Material shown:

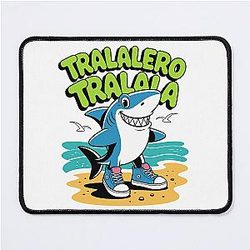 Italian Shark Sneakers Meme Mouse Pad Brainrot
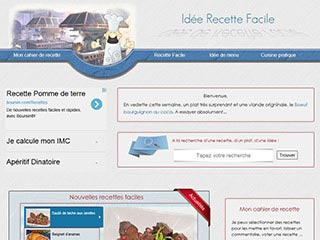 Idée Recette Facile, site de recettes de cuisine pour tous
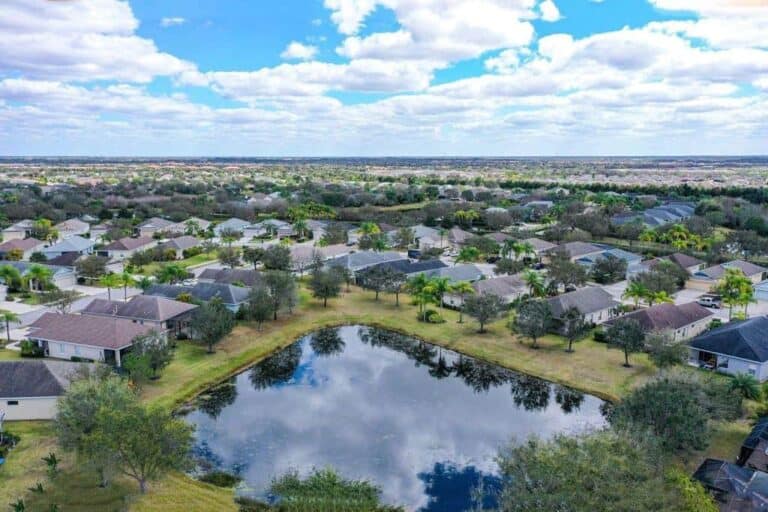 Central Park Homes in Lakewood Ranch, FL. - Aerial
---
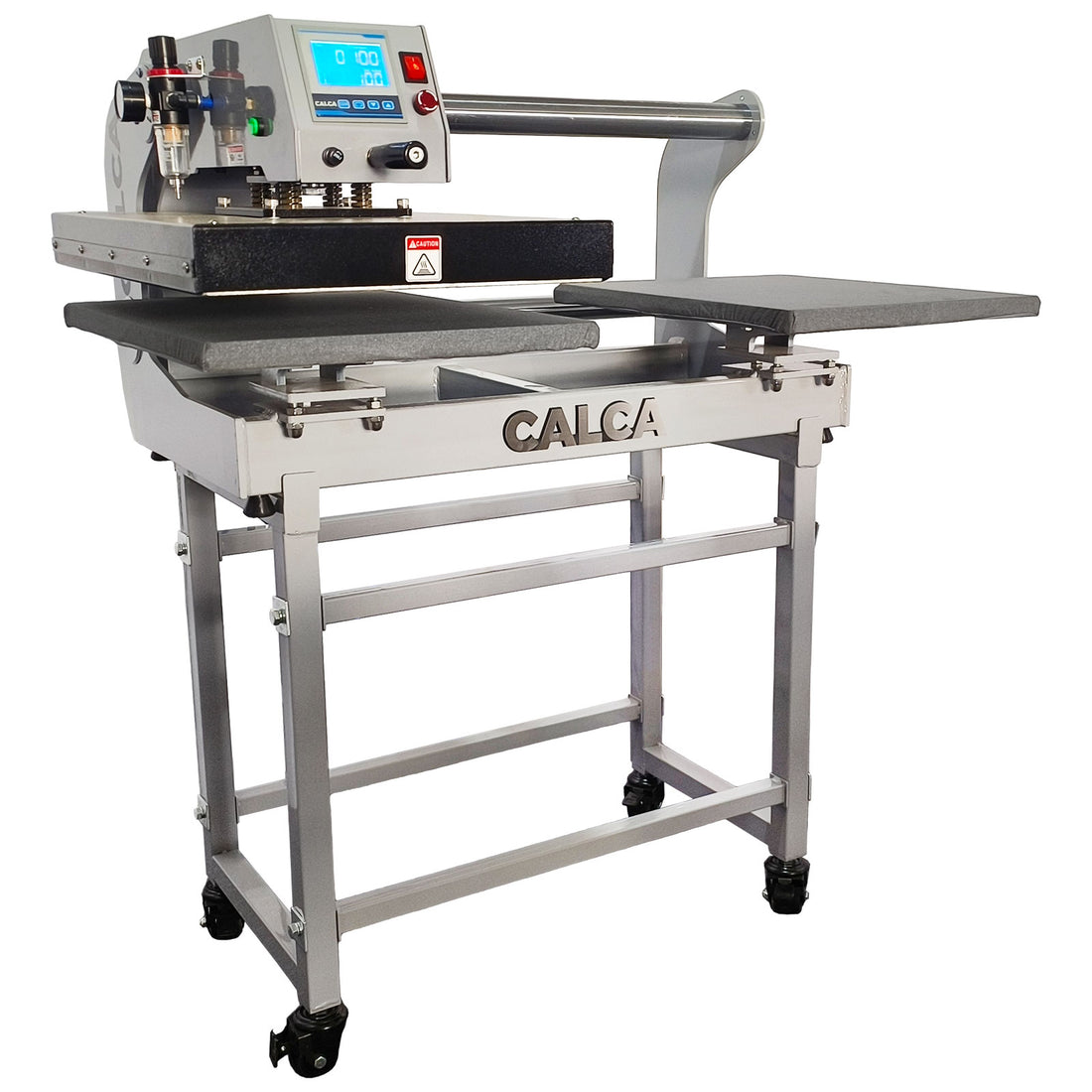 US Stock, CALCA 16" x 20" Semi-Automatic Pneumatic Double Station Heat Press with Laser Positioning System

Assignment: Above are records; write out the lines from the one with "Italian Shark Sneakers" down to the one with "Central Park Homes", exactly, leaving the pictures out.

Response to this exercise:
 Italian Shark Sneakers Meme Mouse Pad Brainrot
 Idée Recette Facile, site de recettes de cuisine pour tous
 Central Park Homes in Lakewood Ranch, FL. - Aerial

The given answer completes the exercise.